As the debate over whether "Israel-firster" is anti-Semitic language flares up again, J Street's Jeremy Ben-Ami appears to have stepped in it:
Jeremy Ben-Ami, president of J Street, a left-leaning voice on Israel issues, said he had no problem with “Israel-firster.”

“If the charge is that you’re putting the interests of another country before the interests of the United States in the way you would advocate that, it’s a legitimate question,” Ben-Ami said.

Ben-Ami added that Jewish groups “should tread lightly” when they make accusations of anti-Semitism. “Because when they do need to use that word, people won’t take you seriously,” he said.

Ouch.
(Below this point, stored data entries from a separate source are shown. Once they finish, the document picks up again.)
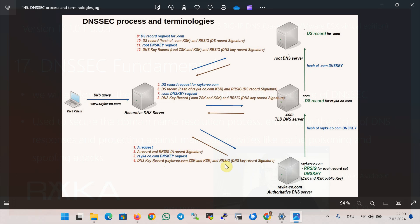The local DNS server then requests the DNSKEY record to verify the signature. The authoritative DNS server responds with the DNSKEY record containing the ZSK and KSK public keys, along with the DNSKEY signature. The local DNS server then asks the dot-com TLD DNS server for the DS record for raica-co.com, to make sure the ZSK public key has not been compromised. The dot-com server responds with the DS record and its corresponding RRSIG. The local DNS server then requests the DNSKEY record from the dot-com server to verify the signature, and the dot-com TLD DNS server responds with the DNSKEY record and corresponding RRSIG.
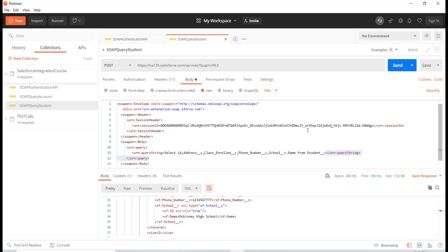So we're going to make this API call from this Postman and we're going to insert a couple of student records and we will see how to do that in the next tutorial. Thank you.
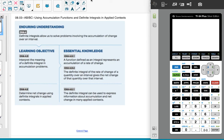All right, this is AP AB and BC Calculus. We're doing Unit 8, Section 3, which is using accumulation functions and definite integrals in applied context.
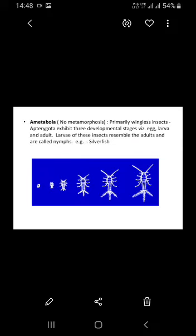Ametabola represents the absence of metamorphosis — metamorphosis is completely absent. These are primarily wingless insects. Since wings are absent, these insects are ametabolous. For example, in silverfish, wings are not present.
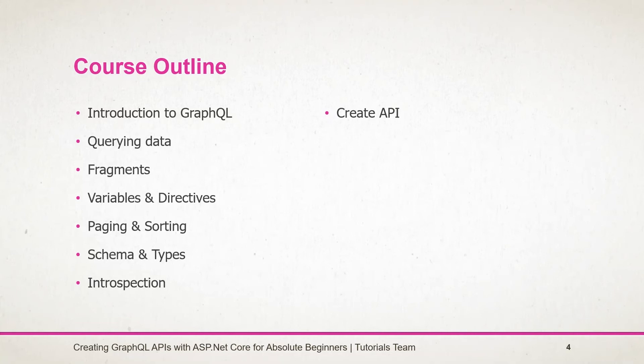Create a server-side project with Entity Framework Core and GraphQL.NET library. Create a simple query and a query with argument and query having nested fields.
Ben-Ami immediately backtracked, calling "Israel-firster" a "bad choice of words" and saying it was a "conspiracy theory that American Jews have dual loyalty [which] must be refuted in the strongest possible way." (Headline notwithstanding, this is not "expanding" on his morning comments so much as it is reversing them, but still, it is welcome).

I've noted before that, my general affinity for J Street notwithstanding, one thing I do not like is their "mushiness" on anti-Semitism. They really seem either uninterested or incapable of taking a strong stand on the issue, and it is really alienating. I've written about the serious problems with the "dual loyalties" charge even on a conceptual level, but in a sense I'm even more concerned about Ben-Ami's demand that Jewish groups "tread lightly" in talking about anti-Semitism.

This returns us back into How Would You Like Me To Raise It Territory, of course. As usual, I think it is wrong to imply that most claims of anti-Semitism are done in bad faith or otherwise are instances of crying wolf. But beyond that, I think that there's a descriptive misapprehension here -- simply put, there is no reason to believe that "anti-Semitism" is taken any more seriously when groups adopt narrow definitions and raise the alarm only in extreme cases, than when the definition is broader and more encompassing. Aside from being victim-blaming, it's not like these groups find themselves aroused from their slumber even in the "clear" cases (like Gilad Atzmon). Rather, it just turns out that nothing counts as "clear", and thus nothing is ever anti-Semitic. It becomes a wholly abstract concept (and thus quite easy to oppose, since opposition never has to be anything more than a theoretical commitment).

1 comment:

Rebecca said...

This discussion reminds me of Ta-Nehisi Coates repeatedly pointing out that statements that such and such is racist are also always denied - "we have no racists here." I think in part it's for the same reason - both anti-black racism and antisemitism have come to be identified with their worst expressions - slavery/segregation or the Holocaust - so that saying that something is racist or antisemitic is really an accusation that a person has committed horrible crimes. When actually they may have said something racist or antisemitic - and doing so doesn't make one a Klansman or a Nazi.

The other reason that people want to narrow the definition of racism or antisemitism so much is to score political points against one's opponents - so that for example Newt Gingrich can get away with making obviously racist statements without being called on it. It's a kind of preemptive strike against one's opponent.